----- Information shown

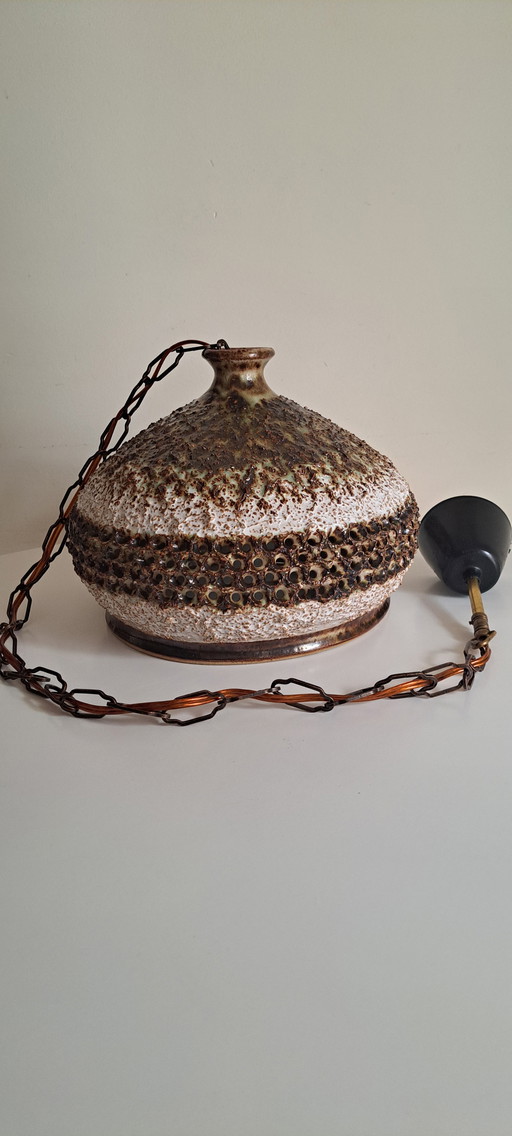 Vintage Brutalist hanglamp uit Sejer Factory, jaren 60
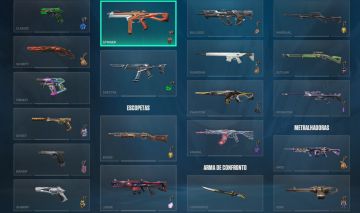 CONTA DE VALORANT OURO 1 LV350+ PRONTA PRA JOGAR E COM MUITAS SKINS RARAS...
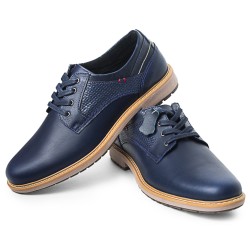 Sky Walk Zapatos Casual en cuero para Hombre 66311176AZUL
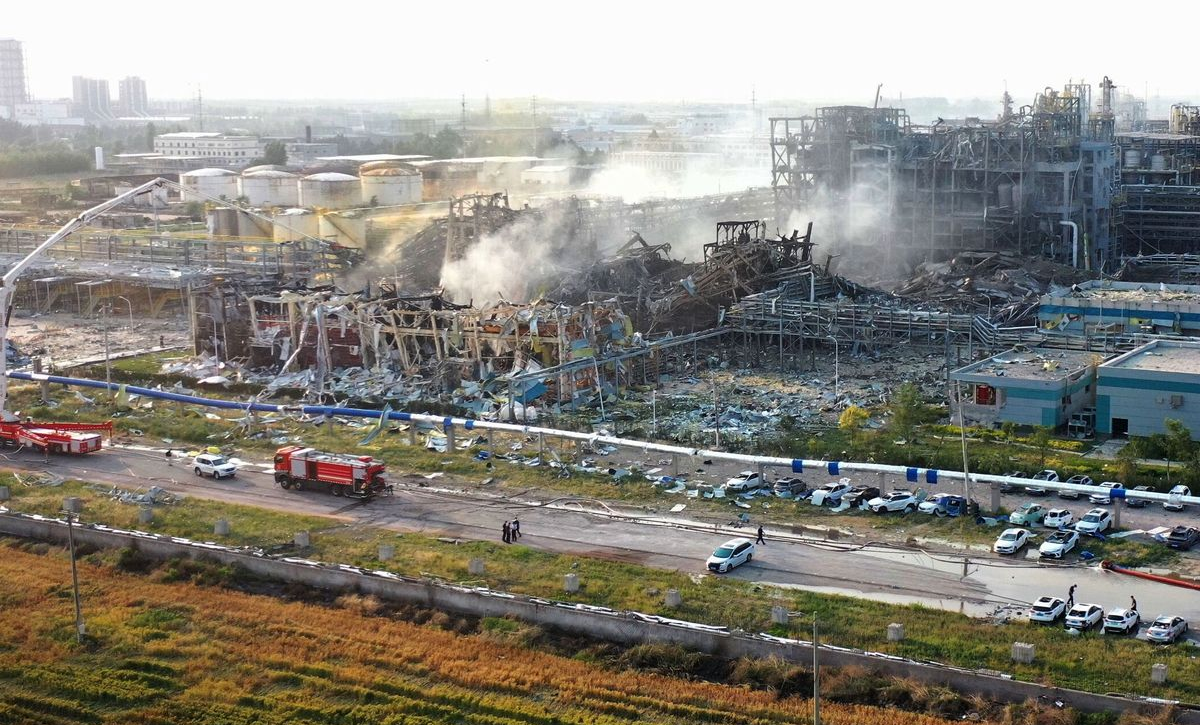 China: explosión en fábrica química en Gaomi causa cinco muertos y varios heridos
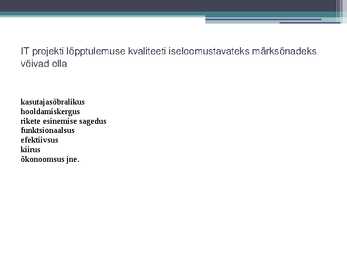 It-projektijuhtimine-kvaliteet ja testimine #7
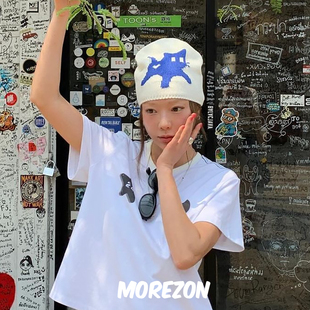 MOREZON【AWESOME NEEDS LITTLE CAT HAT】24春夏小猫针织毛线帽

----------

» **Action item**: The lines from the one containing "It-projektijuhtimine-kvaliteet ja testimine" through the last line of the data above are to be transcribed exactly, both included, with all pictures left out.

» **Answer section**:
 It-projektijuhtimine-kvaliteet ja testimine #7
 MOREZON【AWESOME NEEDS LITTLE CAT HAT】24春夏小猫针织毛线帽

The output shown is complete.